NotebookLM foundations

Session 2 30 minutes Demo topic: Class 5 Science — Water Cycle

By the end of this session you will have created your first notebook, added a source, asked a grounded question and — most importantly — opened a citation.

The basic model

"A notebook is a workspace built around a topic or purpose. Sources are the materials NotebookLM should work from. Chat is where we ask questions and give instructions. Studio is where we generate structured outputs such as study materials and presentations."

👀 Watch the demo

Your trainer will walk through these six steps in the Water Cycle notebook. Watch first — you reproduce them right after.

  1. The interface Notebook title, Sources area, Chat area, Studio area, sharing controls, and settings with the output language. Ignore everything else for now.
  2. The basic model Sources in → questions and instructions → outputs out. NotebookLM works from the sources you selected, not from the whole internet.
  3. Ask a basic question "What are the five most important ideas in these sources?" — notice the response refers back to the selected sources.
  4. Open a citation The most important habit of the day. Don't only read the answer — open the evidence and compare the statement with the source.
  5. Select and deselect sources With two sources loaded: what changes when only the textbook source is selected? Source selection narrows the response.
  6. A Studio artifact, briefly A pre-generated quiz, infographic or slide deck — just to see where outputs live. Long generations wait for later sessions.
The habit that matters most "Do not only read the answer.
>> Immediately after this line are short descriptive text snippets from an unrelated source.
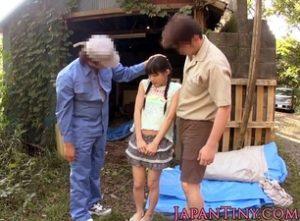 幼い小学生が山に連れてこられて悪戯される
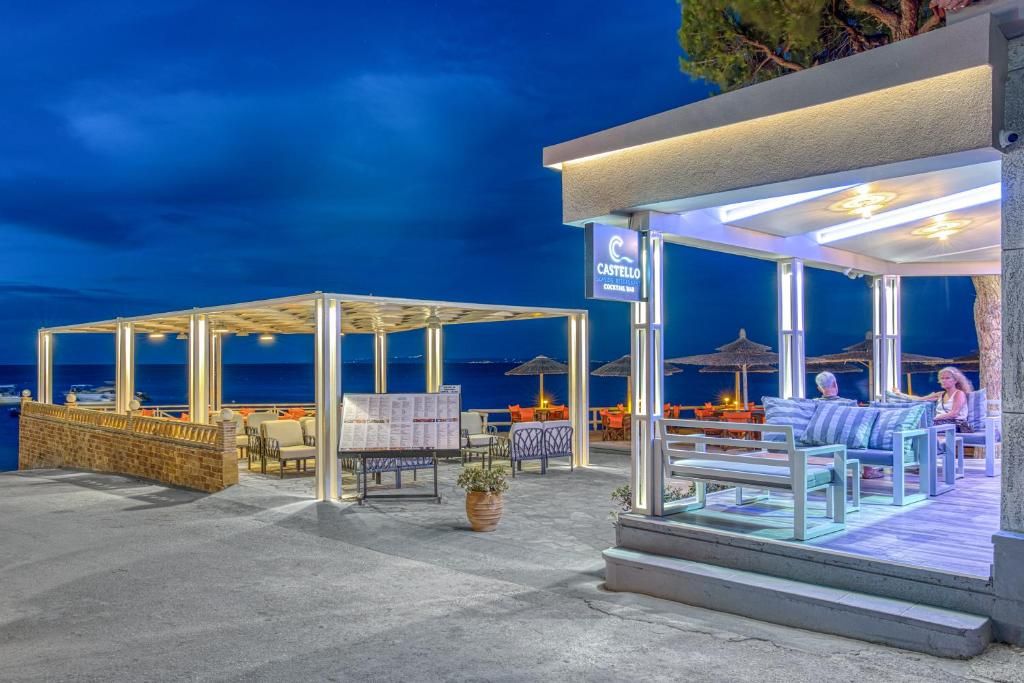 Castello Beach Hotel фото 19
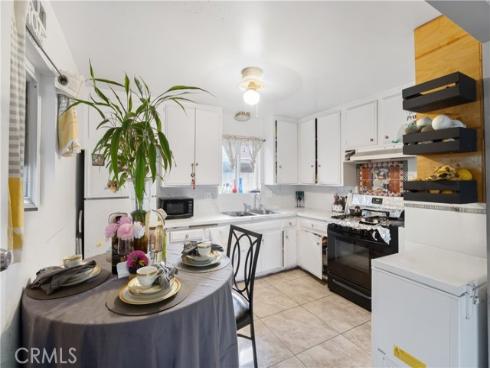 608 E Central Avenue, Santa Ana, CA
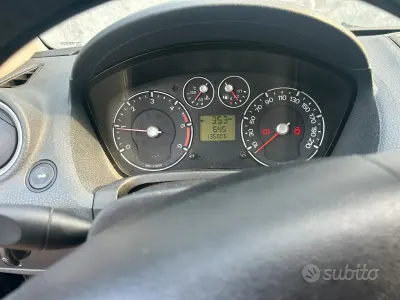 Usata Ford Fiesta 68 CV (50 kW) 2008 Nero Utilitaria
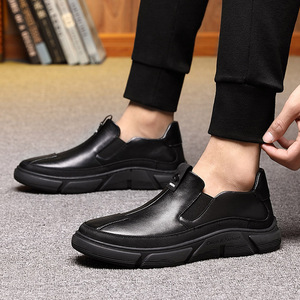 真皮休闲皮鞋男士韩版潮流百搭板鞋男套脚软皮鞋子男潮鞋一件代发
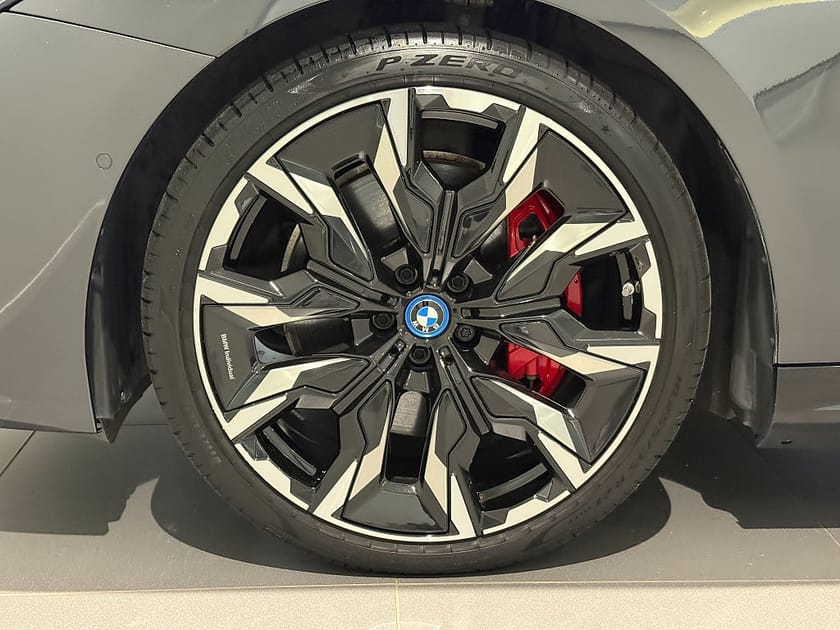 Bild 5 av BMW i5 M60 xDrive Touring M Sport Pro Panorama Drag B&W 21"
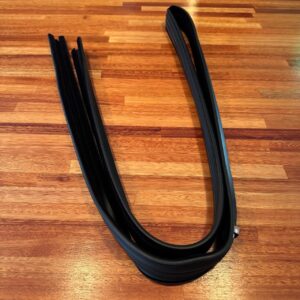 Door run glass L and R for quartervent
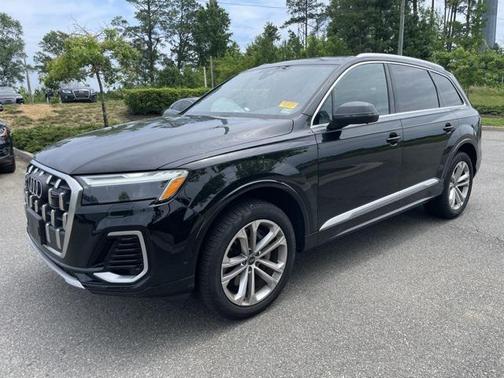 2025 Audi Q7 Premium 45 TFSI quattro Tiptronic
Open the evidence." Citations take you back to the exact source context — they help you verify, but they do not remove the need for your judgment.

🖐 Now you do it

  1. Create a notebook and name it using this format: Class – Subject – Topic – Your name
    Example: Class 5 – Science – Water Cycle – Srilatha
  2. Add the shared practice source your trainer provides.
  3. Ask your first grounded question — copy it below.
  4. Open one citation and find the sentence in the source that supports the answer.
Your first question
What are the main ideas in this source?
Follow-up worth trying
What vocabulary in this source may be difficult for my students, and what should they already understand before learning this chapter?

If something goes wrong

Wrong Google account? Check the profile icon before creating more work. Use one account consistently for the whole programme.

Can't find your uploaded source? Confirm the upload completed, refresh only if necessary, and check whether you accidentally created a second notebook.

Reading answers without opening citations? For certification, showing the answer is not enough — you must show how you checked it.

✋ Checkpoint — show your trainer

Checkpoint complete — you have the foundations!